▸ **TASK MATERIAL**

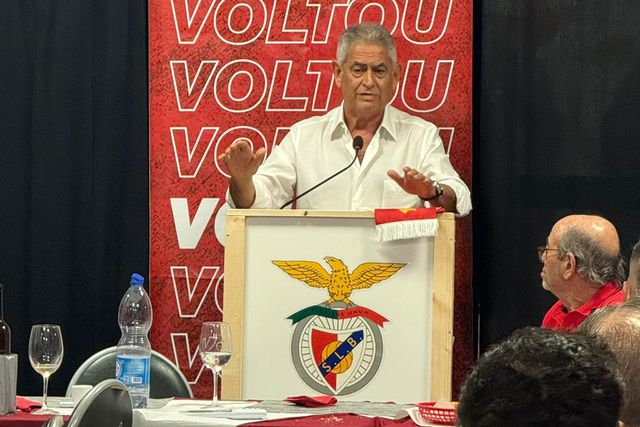 Vieira discursa na Casa do Benfica de Gaia — Foto: D. R.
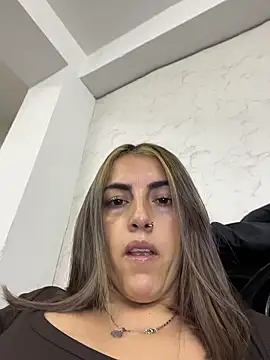 Snapshot of IsisLoveyes_ chatting on January 5, 6:22 pm IsisLoveyes online show from January 5, 6:22 pm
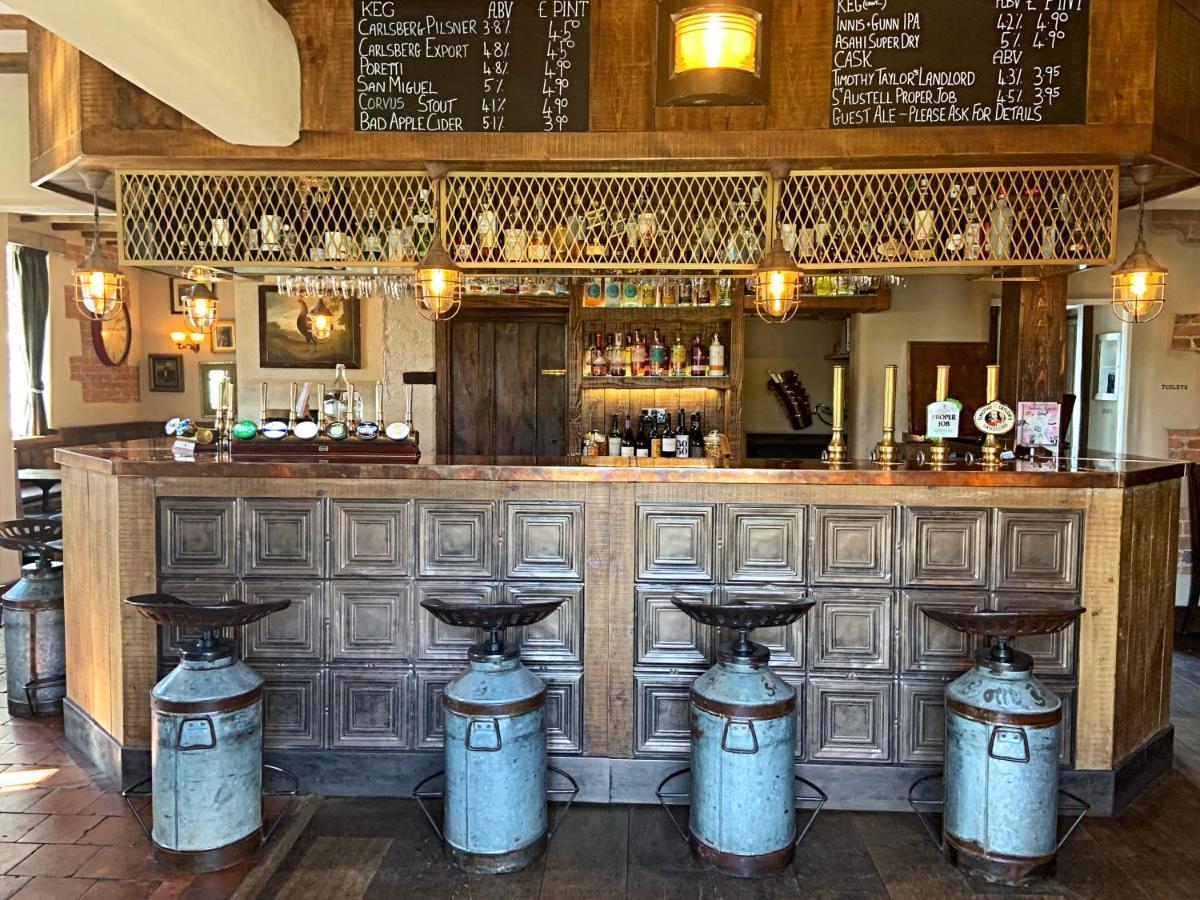 ホテル The Cow Dalbury Dalbury Lees エクステリア 写真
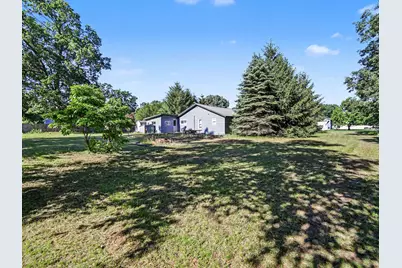 62 S Stewart Street, Muskegon, MI 49442 - Photo 13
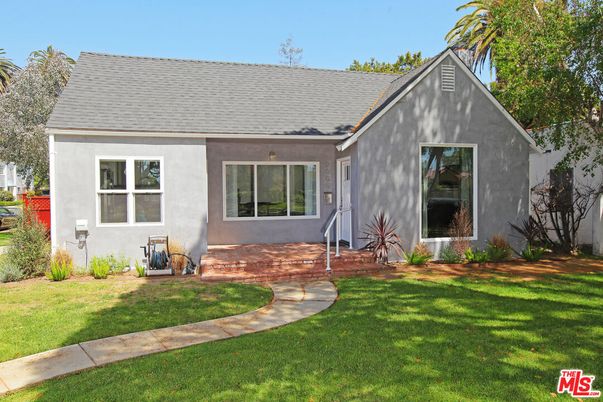 Backyard, Exterior, Facade, Ranch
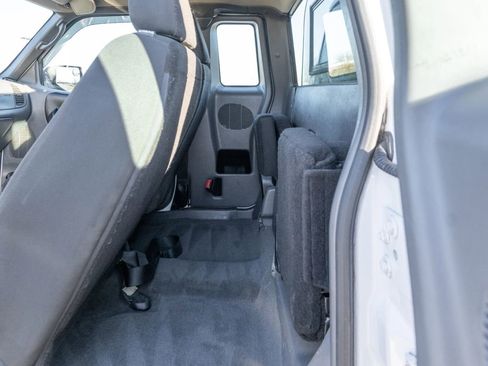 Used 2011 Ford Ranger XLT image 12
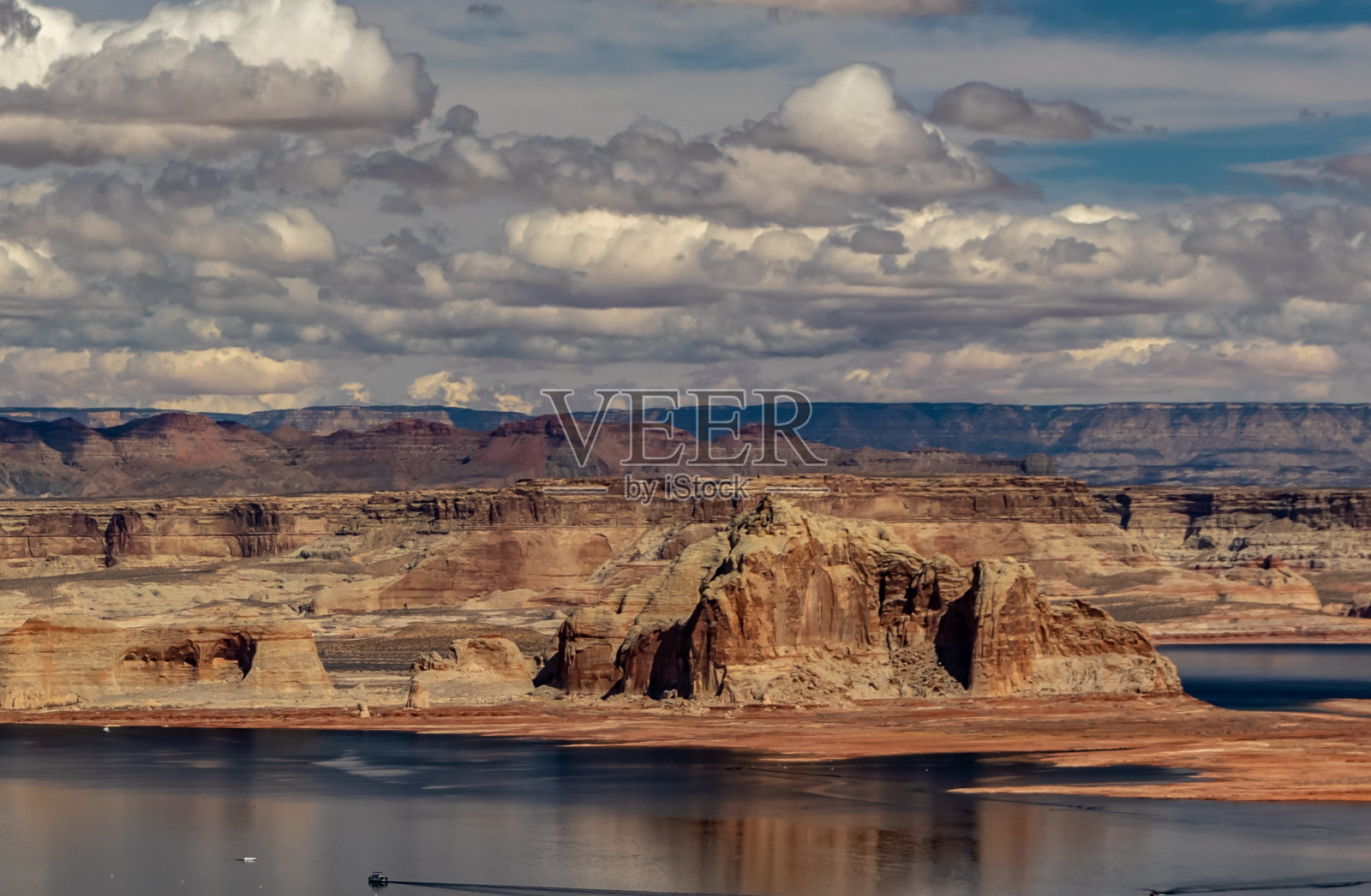从Wahweap瞭望台可以看到科罗拉多州河边的一座小山照片摄影图片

▸ **TASK TO COMPLETE**
Would you transcribe exactly, and only, the lines from the one containing "Backyard, Exterior, Facade, Ranch" through the last line of the records above, both included, leaving out the pictures?

▸ **SOLVED PROBLEM**
 Backyard, Exterior, Facade, Ranch
 Used 2011 Ford Ranger XLT image 12
从Wahweap瞭望台可以看到科罗拉多州河边的一座小山照片摄影图片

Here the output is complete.